■ EXERCISE ■
From the entries that follow, copy exactly the lines beginning at the line holding "ADIDAS WINDBREAKER HOCKEY JACKET VEST" and continuing through the line holding "Why Minecraft Servers".

■ DATASET ENTRIES ■
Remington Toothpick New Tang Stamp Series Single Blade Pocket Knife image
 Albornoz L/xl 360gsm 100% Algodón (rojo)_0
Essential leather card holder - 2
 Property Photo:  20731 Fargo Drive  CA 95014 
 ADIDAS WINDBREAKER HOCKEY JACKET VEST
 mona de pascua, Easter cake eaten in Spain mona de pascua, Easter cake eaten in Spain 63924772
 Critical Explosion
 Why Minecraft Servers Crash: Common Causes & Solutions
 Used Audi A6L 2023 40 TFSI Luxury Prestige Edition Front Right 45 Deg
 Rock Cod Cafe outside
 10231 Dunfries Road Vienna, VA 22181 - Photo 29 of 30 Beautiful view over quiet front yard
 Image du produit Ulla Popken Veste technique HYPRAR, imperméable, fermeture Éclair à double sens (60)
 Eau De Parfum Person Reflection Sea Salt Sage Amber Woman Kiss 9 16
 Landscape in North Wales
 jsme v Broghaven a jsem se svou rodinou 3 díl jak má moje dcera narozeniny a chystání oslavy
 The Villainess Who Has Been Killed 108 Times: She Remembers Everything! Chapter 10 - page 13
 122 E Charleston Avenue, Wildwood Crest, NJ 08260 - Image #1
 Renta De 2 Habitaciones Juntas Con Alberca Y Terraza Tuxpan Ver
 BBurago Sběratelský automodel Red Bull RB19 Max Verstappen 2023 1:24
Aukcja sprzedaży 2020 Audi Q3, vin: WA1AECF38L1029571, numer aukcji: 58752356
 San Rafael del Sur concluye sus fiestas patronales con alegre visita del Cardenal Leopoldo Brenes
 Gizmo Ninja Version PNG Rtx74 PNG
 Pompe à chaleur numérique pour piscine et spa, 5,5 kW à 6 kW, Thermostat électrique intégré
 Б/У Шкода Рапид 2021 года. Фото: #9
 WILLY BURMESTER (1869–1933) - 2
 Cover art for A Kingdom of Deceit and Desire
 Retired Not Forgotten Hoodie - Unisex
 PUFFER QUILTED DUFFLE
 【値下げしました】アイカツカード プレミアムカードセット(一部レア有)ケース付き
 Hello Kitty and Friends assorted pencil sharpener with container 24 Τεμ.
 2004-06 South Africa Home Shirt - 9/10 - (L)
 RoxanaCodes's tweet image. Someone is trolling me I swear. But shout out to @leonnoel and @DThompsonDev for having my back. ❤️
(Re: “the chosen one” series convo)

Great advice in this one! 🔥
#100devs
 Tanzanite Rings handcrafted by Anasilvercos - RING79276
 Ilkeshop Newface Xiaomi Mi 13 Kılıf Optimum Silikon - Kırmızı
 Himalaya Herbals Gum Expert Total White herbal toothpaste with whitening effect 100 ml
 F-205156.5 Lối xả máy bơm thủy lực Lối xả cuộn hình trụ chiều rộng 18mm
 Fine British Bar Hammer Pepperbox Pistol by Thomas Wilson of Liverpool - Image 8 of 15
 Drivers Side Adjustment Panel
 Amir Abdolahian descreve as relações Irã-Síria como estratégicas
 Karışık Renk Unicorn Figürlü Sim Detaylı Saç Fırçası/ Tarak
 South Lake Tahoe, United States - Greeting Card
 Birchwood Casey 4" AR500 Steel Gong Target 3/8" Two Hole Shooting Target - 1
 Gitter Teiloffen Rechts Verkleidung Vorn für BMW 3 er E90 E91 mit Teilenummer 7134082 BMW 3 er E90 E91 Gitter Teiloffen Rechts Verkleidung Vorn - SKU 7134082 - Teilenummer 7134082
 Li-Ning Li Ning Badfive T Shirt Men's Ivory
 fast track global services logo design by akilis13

■ ANSWER TO THIS TASK ■
 ADIDAS WINDBREAKER HOCKEY JACKET VEST
 mona de pascua, Easter cake eaten in Spain mona de pascua, Easter cake eaten in Spain 63924772
 Critical Explosion
 Why Minecraft Servers Crash: Common Causes & Solutions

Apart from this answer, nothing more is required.